Amplified electronic testers (informally called electrical tester pens, test pens, or voltage detectors) rely on capacitive current only, and essentially detect the changing electric field around AC energized objects. This means that no direct metallic contact with the circuit is required. The user must touch the top of the handle to provide a ground reference (through stray capacitance to ground), at which point the indicator LED will light up or a speaker will buzz, if the conductor being tested is live. Additional energy to light the lamp and power the amplifier is supplied by a small internal battery, and does not flow through the user's body.
Some amplified testers will give a stronger indication (brighter light or louder buzz) to gauge relative strength of the detected field, thus giving some clues about the location of an energized object. Other testers give only a simple on/off indication of a detected electrical field. Professional-grade testers will also have a feature to reassure the user that the battery and lamp are working.

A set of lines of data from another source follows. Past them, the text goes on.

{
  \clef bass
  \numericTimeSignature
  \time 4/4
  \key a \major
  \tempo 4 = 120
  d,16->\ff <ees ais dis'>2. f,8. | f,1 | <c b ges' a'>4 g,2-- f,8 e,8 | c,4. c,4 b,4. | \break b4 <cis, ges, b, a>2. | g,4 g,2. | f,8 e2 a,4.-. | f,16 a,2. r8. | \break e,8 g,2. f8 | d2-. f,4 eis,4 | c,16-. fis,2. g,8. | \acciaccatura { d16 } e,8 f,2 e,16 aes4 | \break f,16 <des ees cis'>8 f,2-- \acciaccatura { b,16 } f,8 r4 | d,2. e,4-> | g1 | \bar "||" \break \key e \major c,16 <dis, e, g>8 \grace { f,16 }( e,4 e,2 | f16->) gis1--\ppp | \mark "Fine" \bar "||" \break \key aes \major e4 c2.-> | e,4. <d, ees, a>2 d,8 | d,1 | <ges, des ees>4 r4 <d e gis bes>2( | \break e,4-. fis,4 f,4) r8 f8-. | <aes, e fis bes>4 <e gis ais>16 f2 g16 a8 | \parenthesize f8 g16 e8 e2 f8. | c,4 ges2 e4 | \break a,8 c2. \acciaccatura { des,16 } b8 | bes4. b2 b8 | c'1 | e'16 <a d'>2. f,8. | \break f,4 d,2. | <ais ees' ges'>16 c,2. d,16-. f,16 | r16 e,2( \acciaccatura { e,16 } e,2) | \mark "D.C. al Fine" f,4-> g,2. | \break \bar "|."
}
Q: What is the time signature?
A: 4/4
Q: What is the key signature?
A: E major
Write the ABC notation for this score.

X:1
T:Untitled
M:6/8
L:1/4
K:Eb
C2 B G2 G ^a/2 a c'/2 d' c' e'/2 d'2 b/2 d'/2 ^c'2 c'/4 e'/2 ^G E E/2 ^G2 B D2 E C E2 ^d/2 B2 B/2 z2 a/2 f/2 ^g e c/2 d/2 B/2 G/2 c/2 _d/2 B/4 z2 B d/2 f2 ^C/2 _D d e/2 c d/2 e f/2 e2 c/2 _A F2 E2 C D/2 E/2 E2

Voltage detector pens are made for either line-voltage or lower-voltage (around 50 volt) ranges. A tester intended for mains-voltage detection may not provide any indication on lower-voltage control circuits such as those used for doorbells or HVAC control. AC detectors can be used even if no current is flowing through the wire in question.
A non-contact tester which senses electric fields cannot detect voltage inside shielded or armored cables (a fundamental limitation due to the Faraday Cage effect). Another limitation is that DC voltage cannot be detected by this method, since in this case the stray capacitance of a user's body does not pass sufficient current to activate the detector circuit.
These types of testers can be used on series-connected strings of mini Christmas lights to detect which bulb has failed and broken the circuit, causing the set (or a section of it) to not light. By pointing the end of the detector at the tip of each bulb, it can be determined whether it is still connected at least on one side. The first bulb which does not register is likely the one just past the problem bulb. (Burnt-out bulbs will still show as good, if there is a bypass shunt which completes the circuit.) Flipping the set's plug over and reinserting it in the outlet will cause the opposite end of the set or circuit to register instead.